New Legislation Expands and Modernizes GI Bill Benefits, Closes Gaps
Congress is expected to act quickly to pass a “Forever GI Bill,” which erases the fifteen-year requirement for using the benefits and provides the biggest expansion of college aid for veterans in a decade. The bill fills coverage gaps in the Post-9/11 GI Bill, and increases money for thousands in the National Guard and Reserves.
The bill would provide additional payments to veterans who completed science, technology and engineering courses. Additional benefits to members of the Guard and Reserves could add up to a $2,300 bump, plus a bigger housing allowance.
A bi-partisan effort, the bill’s lead sponsor is House Committee on Veterans’ Affairs Chairman Phil Roe (R-Tennessee), and is co-sponsored by Rep.
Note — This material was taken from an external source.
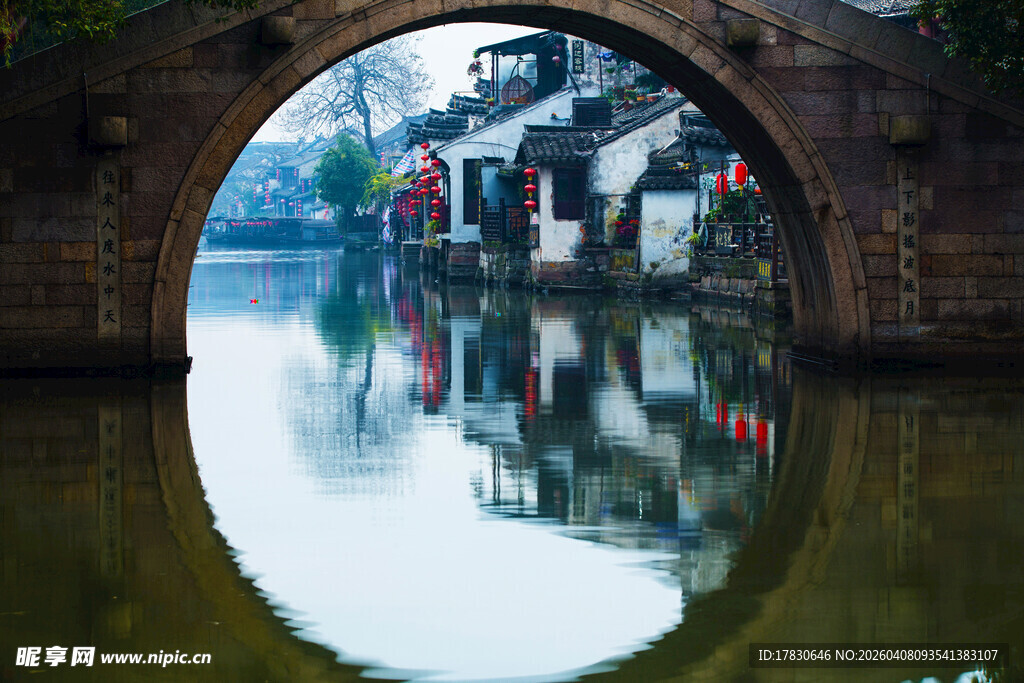 江南水乡拱桥下的静谧景致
Tim Walz (D-Minnesota), the committee’s ranking Democrat on the committee. A committee vote is expected to come the week of July 17, and a companion bill should be coming out of the Senate.
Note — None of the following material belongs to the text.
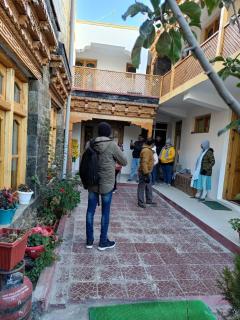 Himalayan Regal House - Deskit - 4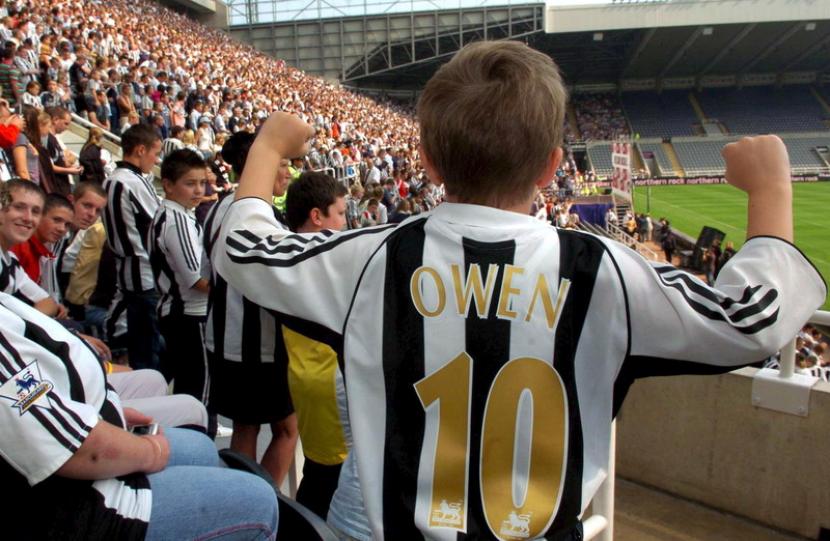 Fan Newcastle United menonton pertandingan di Stadion St James Park (ilustrasi).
The bill has the support of various veterans’ service organizations, including Student Veterans of America and The American Legion, the group that architected the original GI Bill of Rights in 1944. Other changes include expanding eligibility for the Yellow Ribbon Program to surviving spouses and children of servicemembers killed in the line of duty. Another delivers full GI Eligibility to Purple Heart recipients, eliminating a three-year wait requirement. According to the Military Order of the Purple Heart, there are approximately 1,500 Purple Heart recipients who aren’t eligible for full education benefits.
It also protects veterans by restoring their benefits if an educational institution closes mid-semester. And the bill corrects a Pentagon deployment authorization preventing thousands of reservists and guardsmen from earning GI Bill benefits, affecting approximately 4,700 reservists and guardsmen and women.
Veterans would begin to use the education benefits in 2018.